Published online by Cambridge University Press: 15 December 2009
Appearing in 1944, Capitalism and Slavery was a comprehensive attempt to explain the rise and fall of British colonial slavery in relation to the evolution of European world-capitalism. For the final stages of British slavery, Eric Williams developed a two-pronged argument linking its demise to changes in the British imperial economy. The first prong emphasized changes in the economic balance between the metropolis and the colonies. Down to the American Revolutionary War, concluded Williams, British slavery and the British Atlantic slave trade were growing and complementary elements of the imperial economy. The slave system provided an ever-increasing amount of tropical staples, a protected market for British manufacturers, and a main source of British metropolitan capital. In a number of ways the slave economy helped to fuel the Industrial Revolution. Williams's second prong related the political economy of Caribbean slavery to an economic ideology designated as mercantilism. Mercantilism theoretically rationalized the multiple linkages of the system by assuming the need for a protected imperial zone in which British manufacturers, trade, and maritime skills could develop.
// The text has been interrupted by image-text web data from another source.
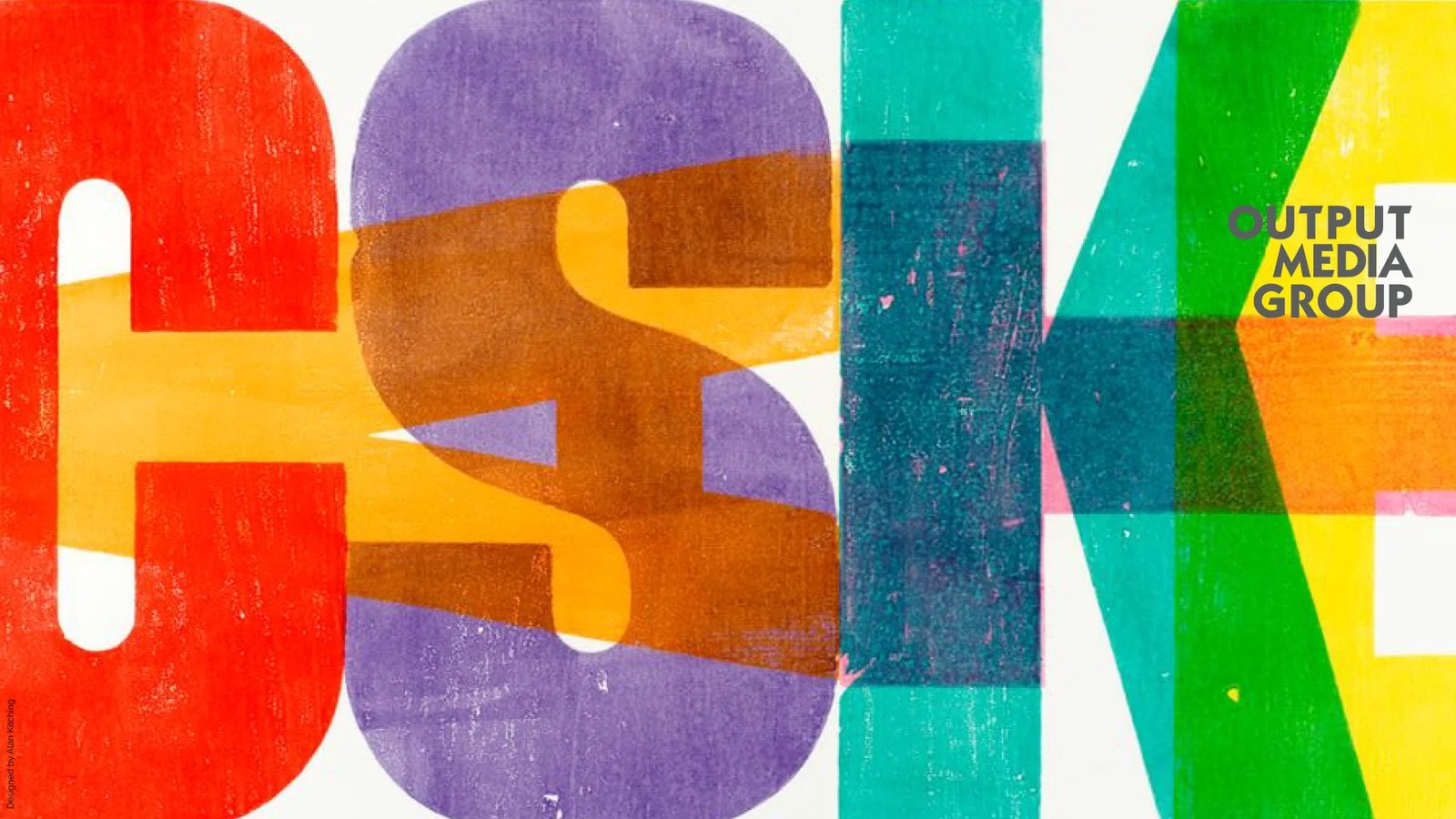 El recurso tipográfico y su importancia en el diseño - Output Media Group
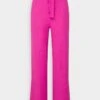 Anna Field Stoffhose - Pink 2 Anna Field Stoffhose - Pink -Chic Fusion Verkauf 8f8903b820bf4e1da4396f071d40fec7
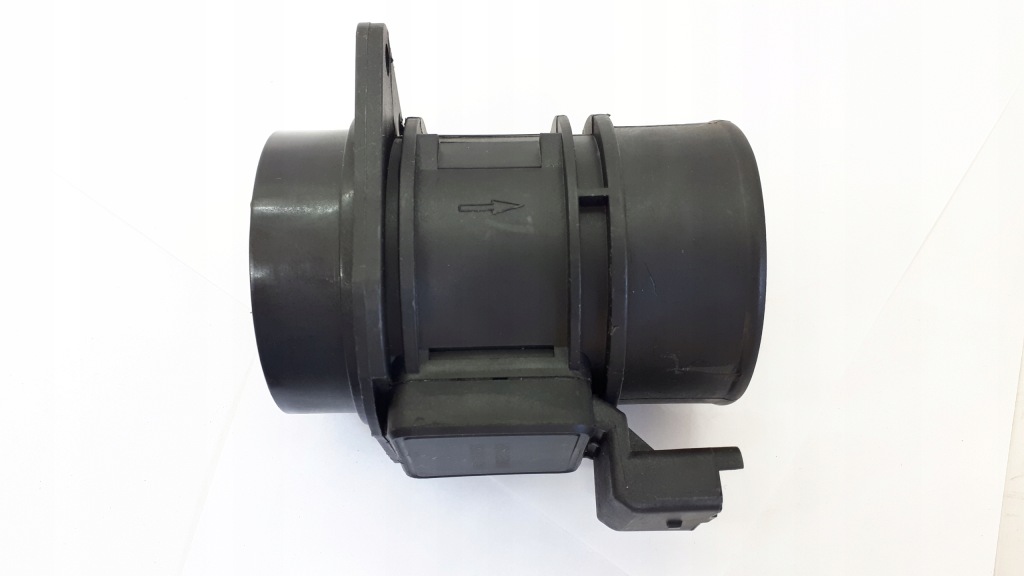 Расходомер воздуха renault clio espace megane trafic scenic vivaro Оригинал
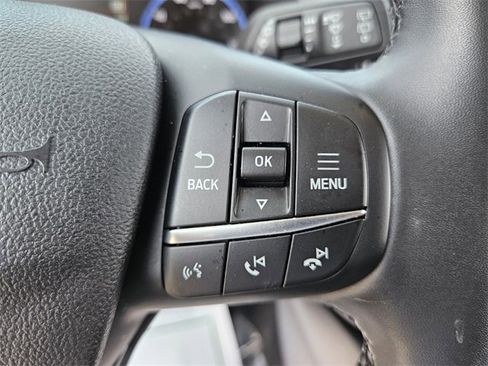 Used 2024 Ford Bronco Sport Big Bend w/ Convenience Package image 26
For Williams, the American Revolutionary War dramatically changed the economic and ideological relationship that had hitherto sustained and nurtured the slave system. British colonial production, under increasing competition from its French counterpart, ceased to provide what was needed by the Empire amply or cheaply enough. According to Capitalism and Slavery, 1776 began the “uninterrupted decline” of the British West Indies as a producer of British staples, as a consumer of British industrial output, and as a contributor to British capital.